Según detalló Stiell en una declaración difundida este jueves, la Casa Blanca resolvió la salida de 66 organizaciones internacionales y el abandono de varios tratados multilaterales que, a juicio de Trump, irían en contra de los intereses nacionales estadounidenses. Entre los organismos afectados se encuentran 31 entidades vinculadas al sistema de Naciones Unidas, incluida la propia Convención sobre Cambio Climático que dio origen al Acuerdo de París.
El funcionario de la ONU recordó que Estados Unidos tuvo un rol determinante en la creación tanto de la CMNUCC como del Acuerdo de París, instrumentos que –remarcó– fueron concebidos precisamente para resguardar la estabilidad económica y la seguridad de los países firmantes, incluida la nación norteamericana. “Favorecen enteramente sus intereses nacionales”, subrayó.
Stiell advirtió que, mientras el resto del mundo busca coordinar respuestas comunes frente a la crisis climática, el repliegue de Washington implica un retroceso en materia de liderazgo global, cooperación internacional y respaldo a la ciencia. Esa combinación, afirmó, solo puede traducirse en perjuicios para la economía estadounidense y para la calidad de vida de su población, en un contexto donde se aceleran los incendios forestales, inundaciones, megatormentas y sequías.
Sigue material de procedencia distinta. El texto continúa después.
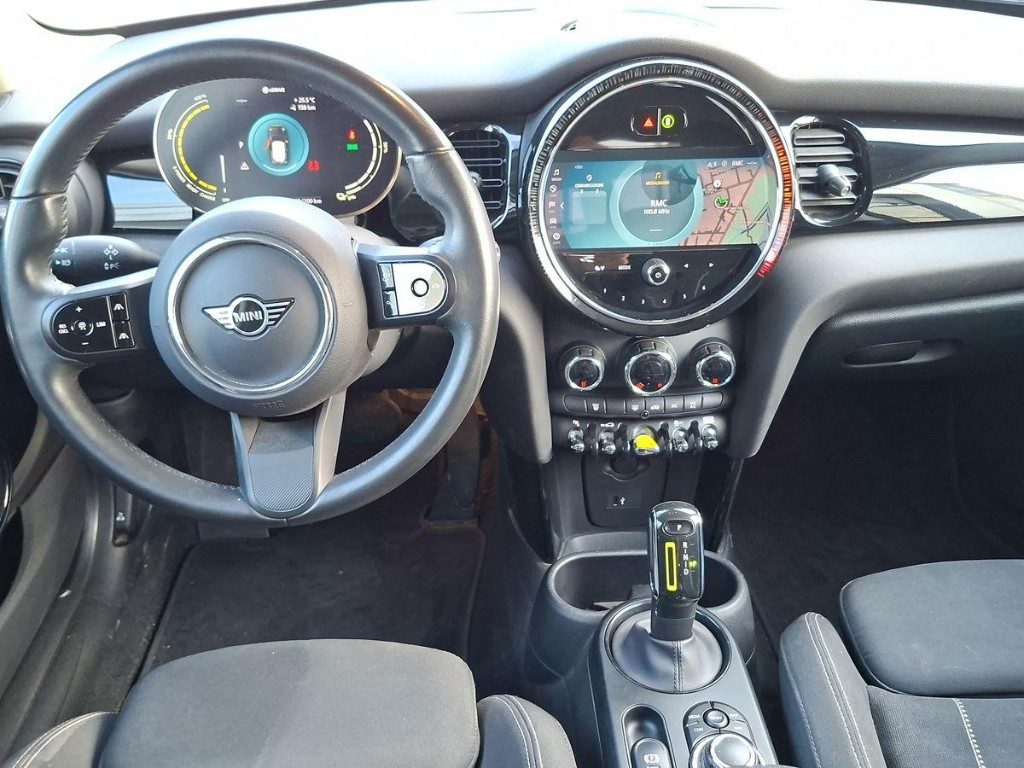 MINI Cooper SE Classic - 8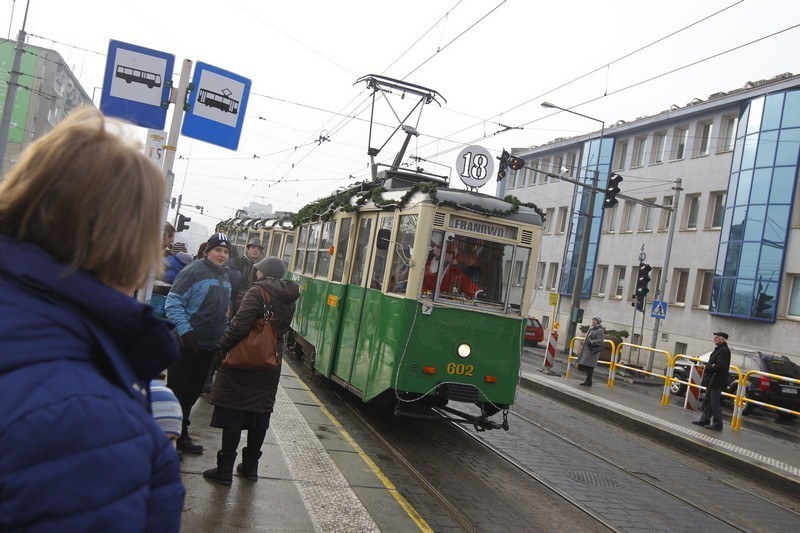 Świąteczna bimba z Gwiazdorem jeździła po Poznaniu [ZDJĘCIA]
Impacto económico, social y geopolítico
Para el responsable de la CMNUCC, el retiro de Estados Unidos tendrá efectos concretos en el costo de vida y en la competitividad de sus empresas. En su análisis, la transición energética global ya está en marcha y las energías renovables se vuelven cada vez más baratas frente a los combustibles fósiles. En ese escenario, abandonar los marcos de cooperación internacional equivale a perder terreno en inversiones, innovación y generación de empleo de calidad.
- Mayor vulnerabilidad de hogares y empresas ante subas en energía, alimentos, transporte y seguros.
- Daños crecientes sobre cultivos, infraestructura y cadenas productivas por fenómenos climáticos extremos.
- Riesgo de más conflictos y tensiones regionales asociados a la volatilidad del petróleo, el carbón y el gas.
El clima de negocios también podría resentirse. De acuerdo con Stiell, mientras otras grandes economías incrementan sus apuestas por la energía limpia para fortalecer el crecimiento y la seguridad energética, la salida de Washington de la Convención climática puede traducirse en “menos empleos en la industria manufacturera estadounidense” y en una pérdida de liderazgo tecnológico.
“Este último retroceso en el liderazgo global, la cooperación climática y la ciencia solo puede perjudicar la economía, el empleo y el nivel de vida de Estados Unidos. Es un autogol colosal que dejará al país menos seguro y menos próspero”, enfatizó Simon Stiell.
En la última Conferencia de las Partes sobre cambio climático (COP30), realizada en Brasil, 194 países reafirmaron de manera unánime que la transición global hacia energías limpias es irreversible y que el Acuerdo de París “está funcionando”. En ese marco, el secretario ejecutivo de la CMNUCC sostuvo que la ONU seguirá trabajando para que todas las naciones compartan los beneficios de la cooperación climática. Al mismo tiempo, dejó abierta la puerta a un eventual retorno de Estados Unidos al sistema multilateral, tal como ocurrió en el pasado con su reincorporación al Acuerdo de París.